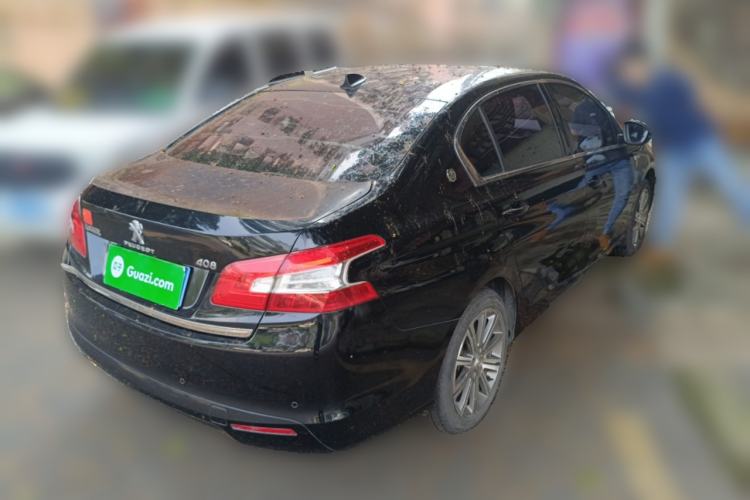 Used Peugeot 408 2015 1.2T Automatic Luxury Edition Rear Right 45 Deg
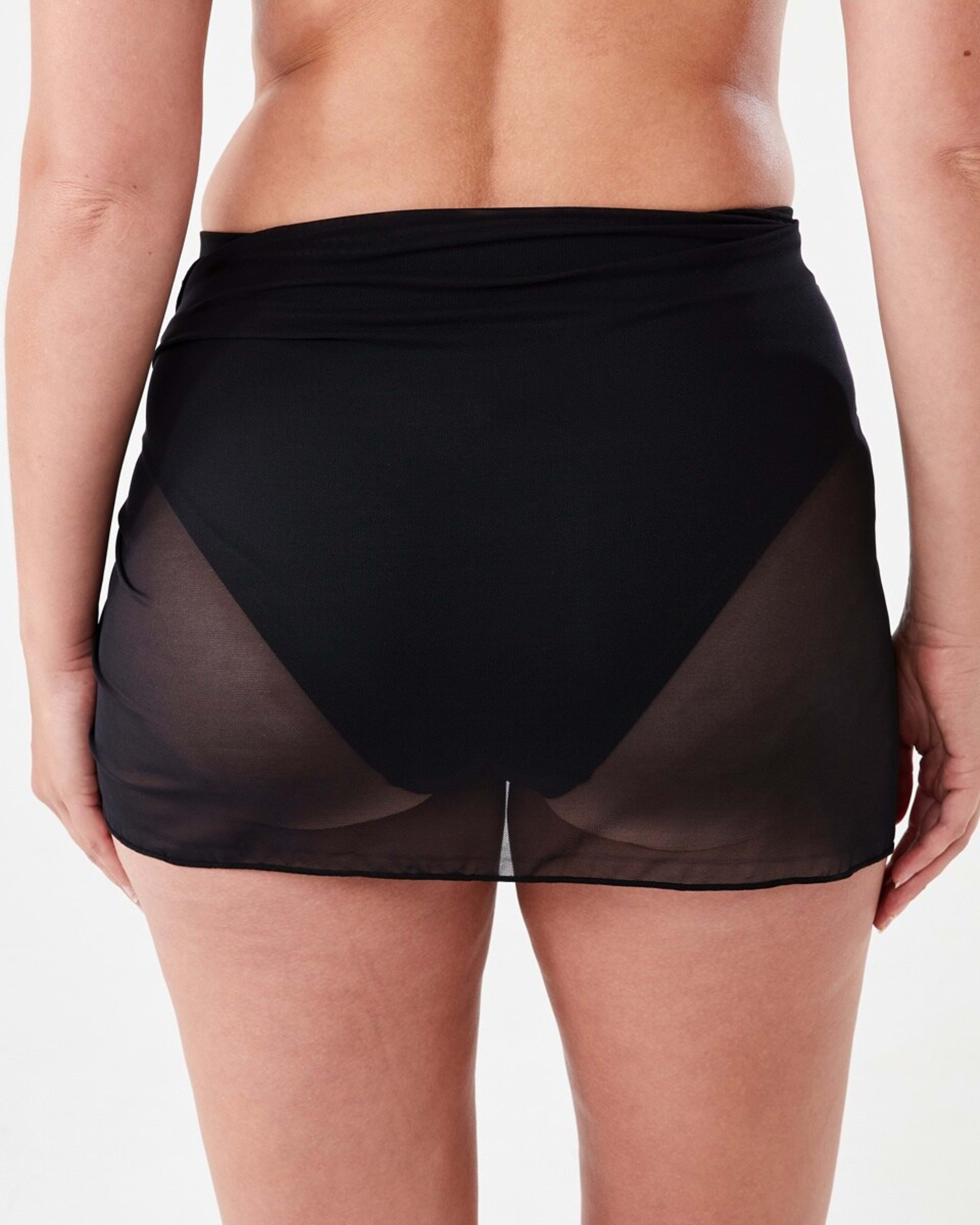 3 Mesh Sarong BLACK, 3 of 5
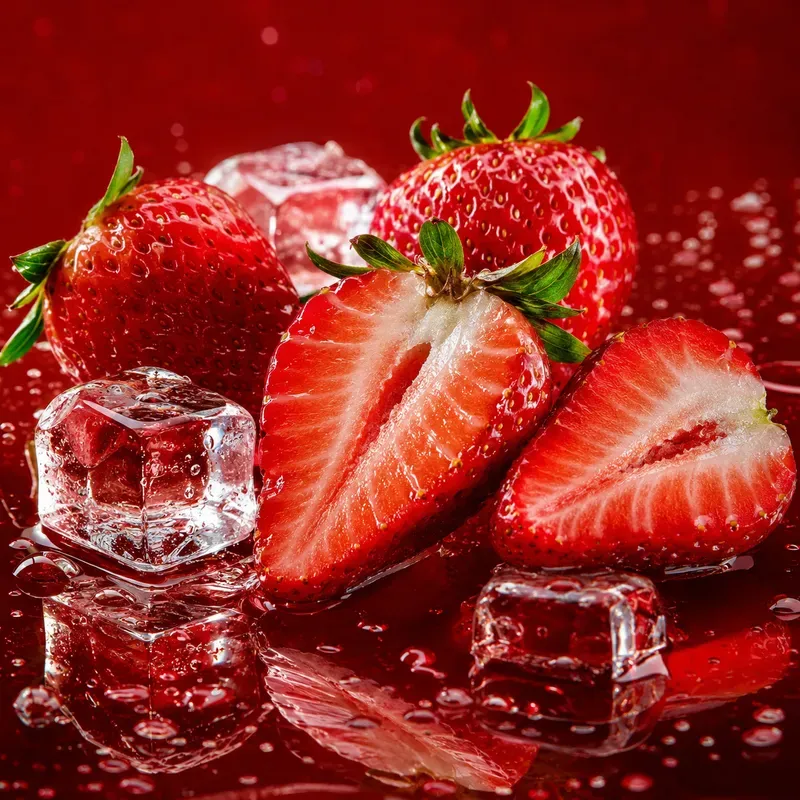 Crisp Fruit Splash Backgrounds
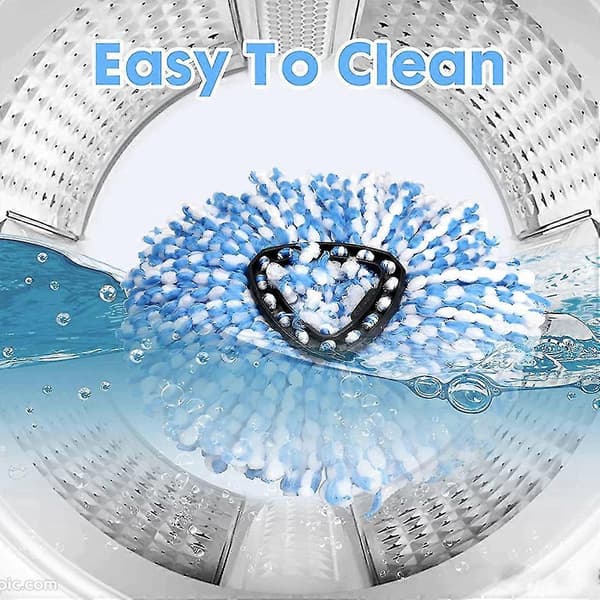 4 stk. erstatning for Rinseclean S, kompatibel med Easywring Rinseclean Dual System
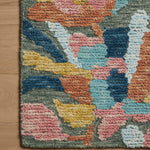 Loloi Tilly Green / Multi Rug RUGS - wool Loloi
==
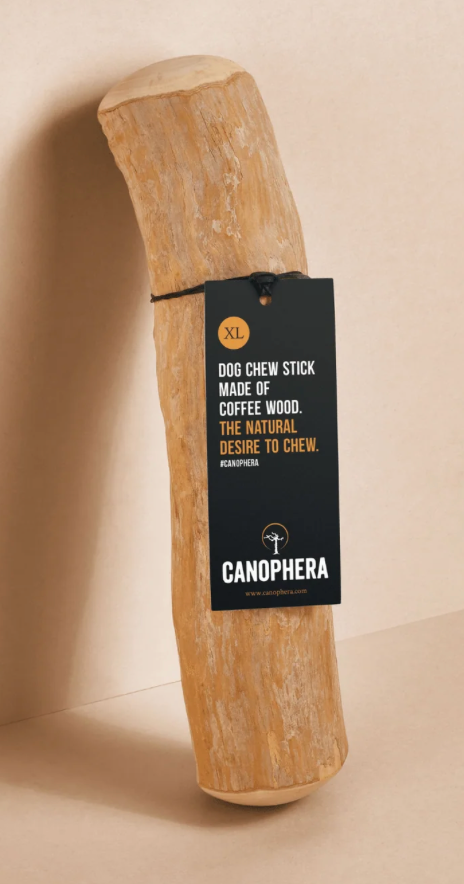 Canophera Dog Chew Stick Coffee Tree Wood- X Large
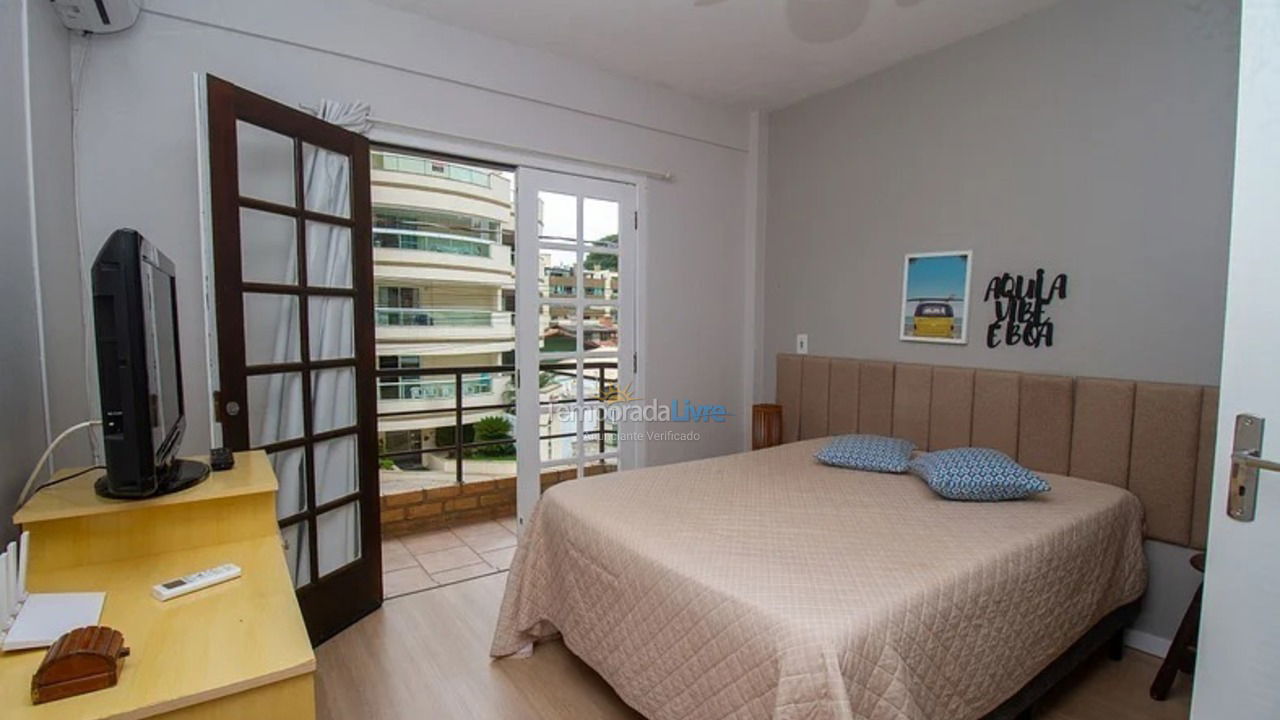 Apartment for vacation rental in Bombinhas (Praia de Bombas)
---
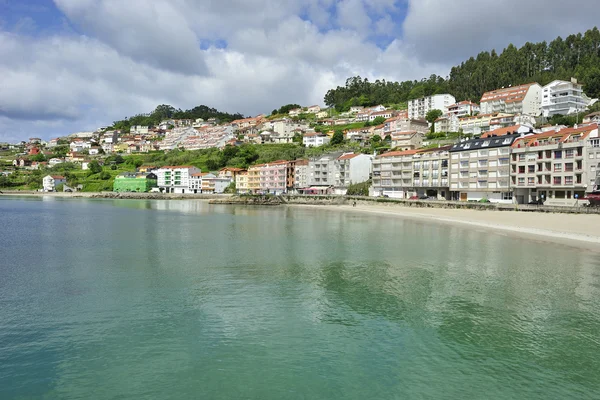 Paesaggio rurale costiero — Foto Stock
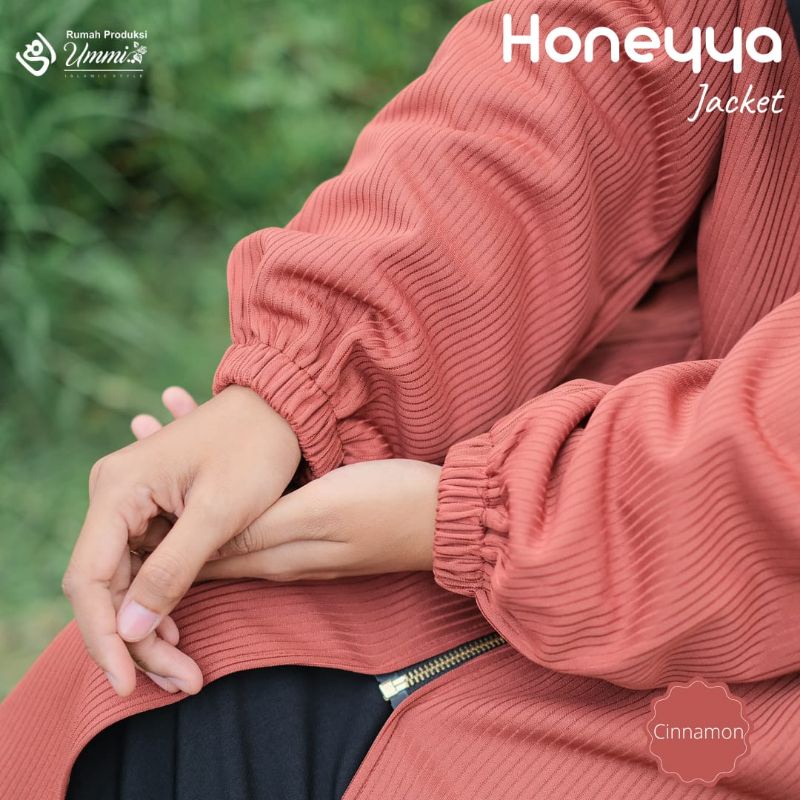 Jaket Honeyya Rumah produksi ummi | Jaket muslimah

#### Problem
Within the listing above, the lines starting at the one containing "Used Peugeot 408" and ending at the one containing "Loloi Tilly Green" are to be returned exactly. Omit the pictures.

#### Answer to this task
 Used Peugeot 408 2015 1.2T Automatic Luxury Edition Rear Right 45 Deg
 3 Mesh Sarong BLACK, 3 of 5
 Crisp Fruit Splash Backgrounds
 4 stk. erstatning for Rinseclean S, kompatibel med Easywring Rinseclean Dual System
 Loloi Tilly Green / Multi Rug RUGS - wool Loloi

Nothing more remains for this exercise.